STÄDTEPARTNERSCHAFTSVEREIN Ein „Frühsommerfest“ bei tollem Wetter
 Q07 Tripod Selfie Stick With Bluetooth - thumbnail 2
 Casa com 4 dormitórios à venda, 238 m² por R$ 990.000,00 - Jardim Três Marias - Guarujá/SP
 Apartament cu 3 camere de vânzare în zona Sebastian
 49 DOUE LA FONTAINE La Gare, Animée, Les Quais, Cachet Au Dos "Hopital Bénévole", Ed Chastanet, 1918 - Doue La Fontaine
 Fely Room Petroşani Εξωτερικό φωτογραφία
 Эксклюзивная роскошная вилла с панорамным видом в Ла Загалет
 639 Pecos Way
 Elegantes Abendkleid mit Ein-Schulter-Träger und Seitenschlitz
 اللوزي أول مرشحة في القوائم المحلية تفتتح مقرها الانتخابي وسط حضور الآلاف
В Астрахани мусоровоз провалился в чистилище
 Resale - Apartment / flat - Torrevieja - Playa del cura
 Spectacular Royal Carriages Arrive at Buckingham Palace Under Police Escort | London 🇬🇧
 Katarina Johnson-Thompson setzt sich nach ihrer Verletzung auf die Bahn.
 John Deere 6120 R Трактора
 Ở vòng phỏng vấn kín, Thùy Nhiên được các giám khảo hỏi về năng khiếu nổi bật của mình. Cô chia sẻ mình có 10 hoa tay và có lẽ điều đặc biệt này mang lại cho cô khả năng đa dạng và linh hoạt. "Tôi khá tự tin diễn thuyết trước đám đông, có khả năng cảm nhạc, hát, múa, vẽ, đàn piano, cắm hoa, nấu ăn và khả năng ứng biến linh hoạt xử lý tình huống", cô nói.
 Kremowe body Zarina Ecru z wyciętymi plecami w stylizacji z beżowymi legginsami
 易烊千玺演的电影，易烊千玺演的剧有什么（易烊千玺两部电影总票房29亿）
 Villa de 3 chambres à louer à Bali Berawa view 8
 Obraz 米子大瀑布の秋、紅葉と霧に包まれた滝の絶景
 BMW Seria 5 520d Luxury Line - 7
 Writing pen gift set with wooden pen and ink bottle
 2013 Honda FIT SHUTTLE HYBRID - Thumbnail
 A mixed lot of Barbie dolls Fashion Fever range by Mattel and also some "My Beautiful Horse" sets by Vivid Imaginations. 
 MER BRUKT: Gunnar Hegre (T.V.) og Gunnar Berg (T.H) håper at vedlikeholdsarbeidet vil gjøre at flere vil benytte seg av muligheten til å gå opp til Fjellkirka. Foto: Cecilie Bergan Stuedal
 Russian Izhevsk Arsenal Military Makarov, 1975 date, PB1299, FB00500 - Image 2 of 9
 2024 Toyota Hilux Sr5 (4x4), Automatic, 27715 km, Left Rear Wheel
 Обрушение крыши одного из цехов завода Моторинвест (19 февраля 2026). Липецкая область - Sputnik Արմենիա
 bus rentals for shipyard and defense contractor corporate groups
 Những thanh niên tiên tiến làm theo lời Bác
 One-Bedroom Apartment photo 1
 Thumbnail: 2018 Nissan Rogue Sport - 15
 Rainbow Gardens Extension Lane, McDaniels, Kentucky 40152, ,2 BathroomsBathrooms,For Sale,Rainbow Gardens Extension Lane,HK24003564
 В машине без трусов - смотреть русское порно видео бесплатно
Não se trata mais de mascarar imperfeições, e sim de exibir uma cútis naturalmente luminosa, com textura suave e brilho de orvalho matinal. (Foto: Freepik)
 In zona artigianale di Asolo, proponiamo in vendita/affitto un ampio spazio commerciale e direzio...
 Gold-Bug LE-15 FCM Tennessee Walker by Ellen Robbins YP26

--- Work request ---
When a line of the records has the word "Apartment", pick it out and copy it.

--- Written solution ---
 Resale - Apartment / flat - Torrevieja - Playa del cura
 One-Bedroom Apartment photo 1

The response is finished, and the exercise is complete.